▶ _Given information_:

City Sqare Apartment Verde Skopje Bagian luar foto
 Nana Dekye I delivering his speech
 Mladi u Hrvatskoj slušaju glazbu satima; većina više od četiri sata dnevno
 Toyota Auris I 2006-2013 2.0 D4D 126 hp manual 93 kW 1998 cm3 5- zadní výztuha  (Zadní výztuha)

▶ _Assignment_:
Write out again, unchanged, every line from the line containing "Nana Dekye I delivering his speech" to the final line of the material above.

▶ _Written solution_:
 Nana Dekye I delivering his speech
 Mladi u Hrvatskoj slušaju glazbu satima; većina više od četiri sata dnevno
 Toyota Auris I 2006-2013 2.0 D4D 126 hp manual 93 kW 1998 cm3 5- zadní výztuha  (Zadní výztuha)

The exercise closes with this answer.